Sunday, 26 July 2015

Visual & Sound Diary: Apocalypse Now (1979)

Director: Francis Ford Coppola
DoP: Vittorio Storaro
Composer: Carmine & Francis Coppola

Winner of both Best Sound and Best Cinematography at the Oscars in its year of release, this entry to my Visual & Sound Diary requires little justification. The 70s was arguably the most significant decade of American cinema and director Francis Ford Coppola riding in on the New Hollywood wave, managed to close the legendary decade with the greatest war film ever created to this day. Many of the most respected filmmakers have tried their hand at depictions of naval, air or land battles. The result is an array of war movies, each in a distinguished style. Such examples include Steven Spielberg's classic epic Saving Private Ryan, the vague and poetic The Thin Red Line, invariably spawned from the twisted mind of Terrence Malick, Quentin Tarantino's comedic, indulgently violent Inglorious Basterds and of course the unflinchingly brutal Platoon by Oliver Stone. But Coppola's feature, chronicling a man's mission to terminate a rogue US colonel in 1970 Vietnam, supersedes any of these features in place of the ultimate military film. More revelatory, more engaging, more appreciative and exploitative of its cinematic medium, Apocalypse Now is a vivid glimpse into wartime beauty, that summative genre piece which encapsulates perfectly, the singular qualities of war cinema.

Ceremoniously saturated and strangely hallucinatory, Apocalypse Now subtly captures both the physical toll and the mental degradation of soldiers thrown into the violent light of established warzones. Cinematographer Vittorio Storaro utilises spectral imagery to illustrate the unconventionality of the Vietnam war. Perceptions of reality waver in mesmeric ways, the intense humidity traps the soldiers in a deep, idle haze as they travel through Vietnam to Cambodia, experiencing varying sights of air raids, the elaborate destruction caused by a napalm sortie, bridges under attack, a Playboy concert, tribes and villages alight and a Cambodian temple, inhabited by the worshippers of the US colonel, acting as a demigod.

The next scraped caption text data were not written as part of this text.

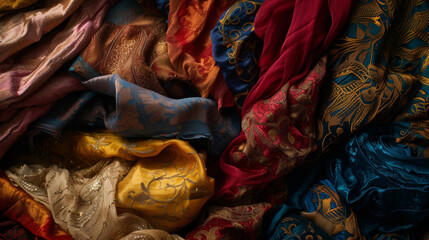 A pile of vibrant textiles including silk and velvet that are commonly used to make special outfits for Eid prayers and gatherings.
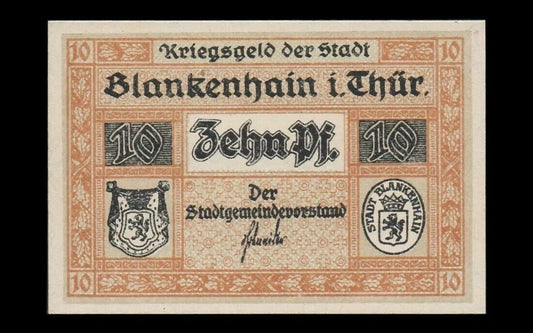 ALLEMAGNE - GERMANY - Notgeld, Blankenhain in Thüringen, 10 Pfennig NEUF / UNC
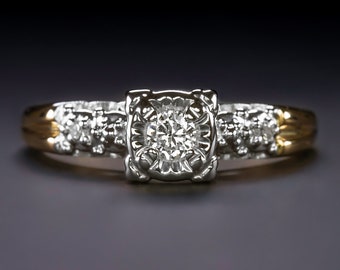 Vintage Diamond Engagement Ring Round Cut 14K Two Tone Gold Illusion Setting (19662)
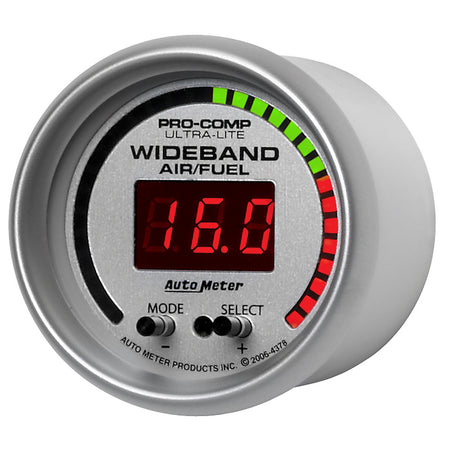AutoMeter 4378 - GAUGE, AIR/FUEL RATIO-PRO, 2 1/16", 10:1-20:1, DIGITAL W/ PEAK & WRN, ULTRA-LITE 4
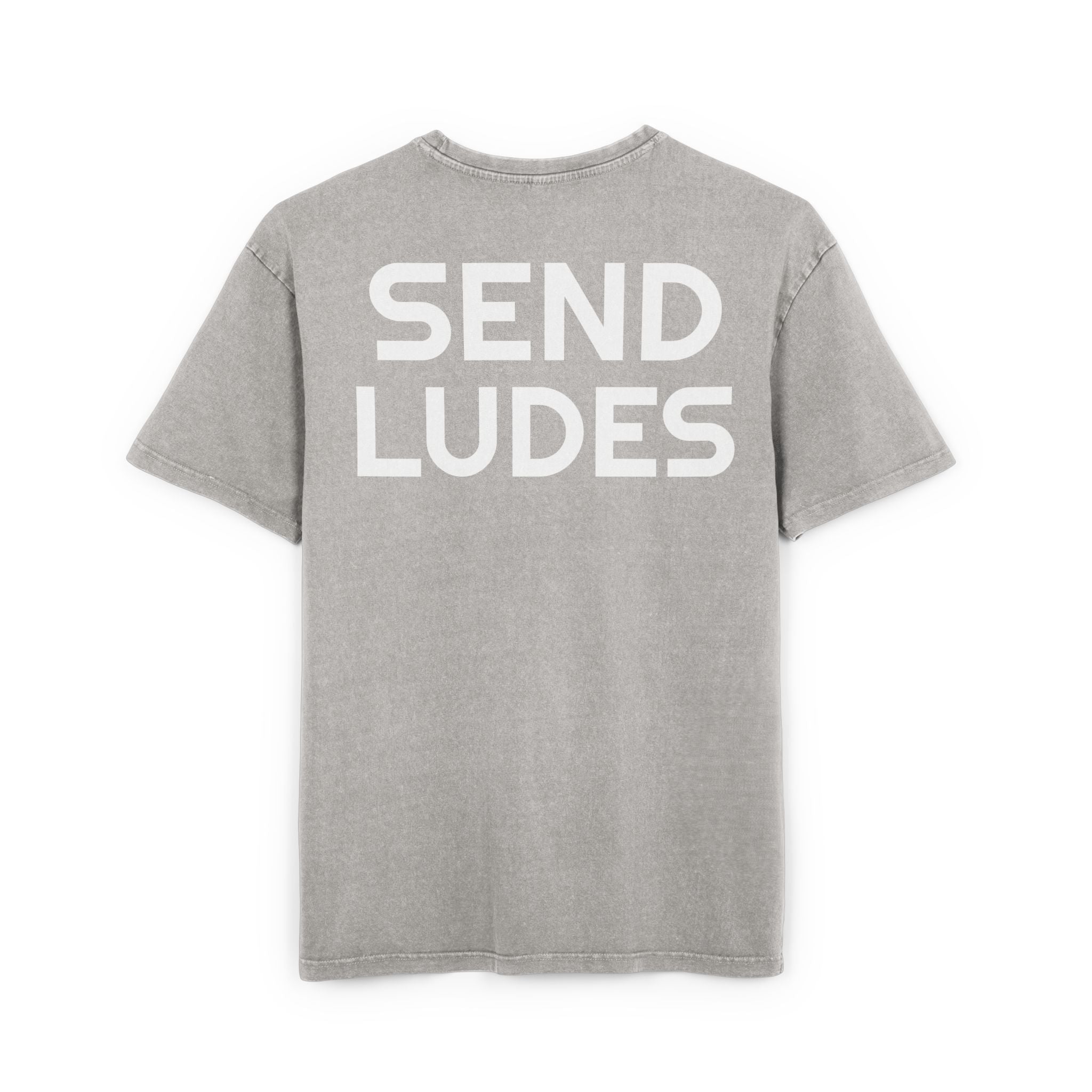 Men's Acid Washed Oversize Tee - Send Ludes Graphic Shirt for Casual Style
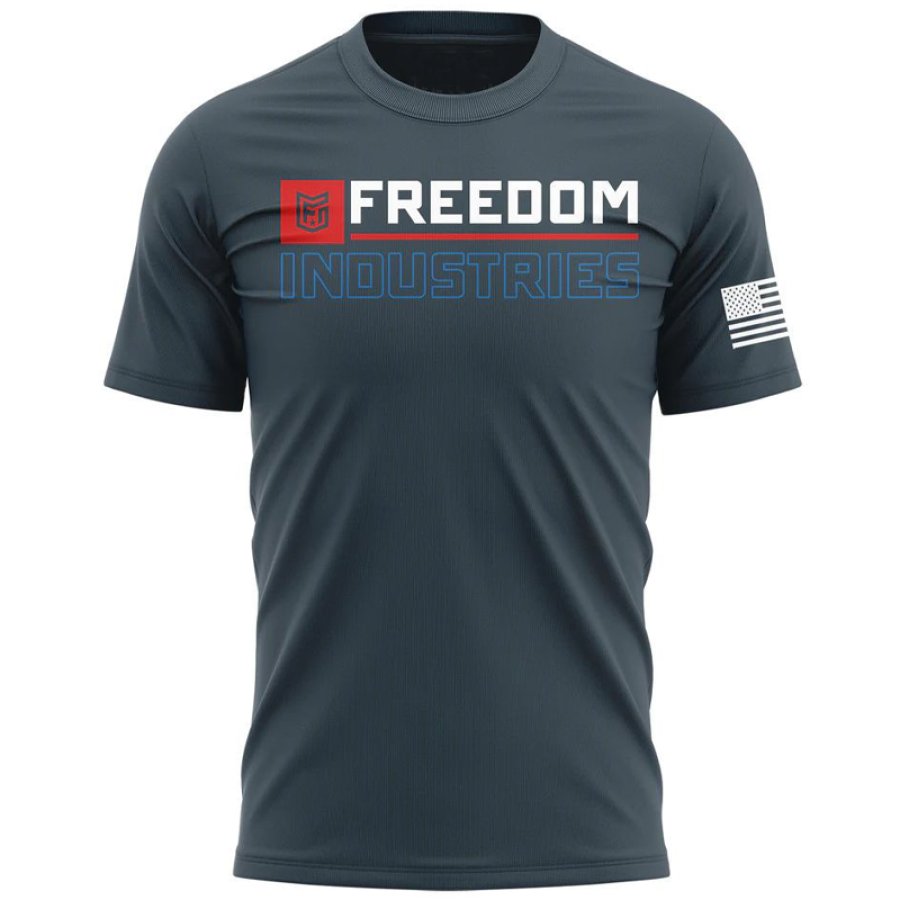 

Camiseta Masculina Freedom Com Estampa De Bandeira Americana E Estampa Gráfica Respirável E Confortável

It is the feature's narrative arc which distinguishes its unique style, as the key characters of the feature are, for the large duration of the film, merely moving through the conflict.They are, like the audience, mere observers of the hellish landscape and are rarely ever directly involved in combat. Hence, a somewhat dream-like disconnect exists between the viewer and the violence. Striking visuals are accompanied by a stately pop and rock soundtrack with entries such as Shirley and Lee's 50s track "Let the Good Times Roll", The Rolling Stones "(I Can't Get No) Satisfaction" and the classic "Ride of the Valkyries" in the iconic napalm, air raid sequence. Apocalypse Now is a regal film, a hypnotic synchronisation of image and sound.


  1. What a great movie this is. Certainly one of the greatest war pics ever made. Love all the stills you have, here.

    1. Thanks Wendell. It wasn't difficult. There's not a bad shot in this film.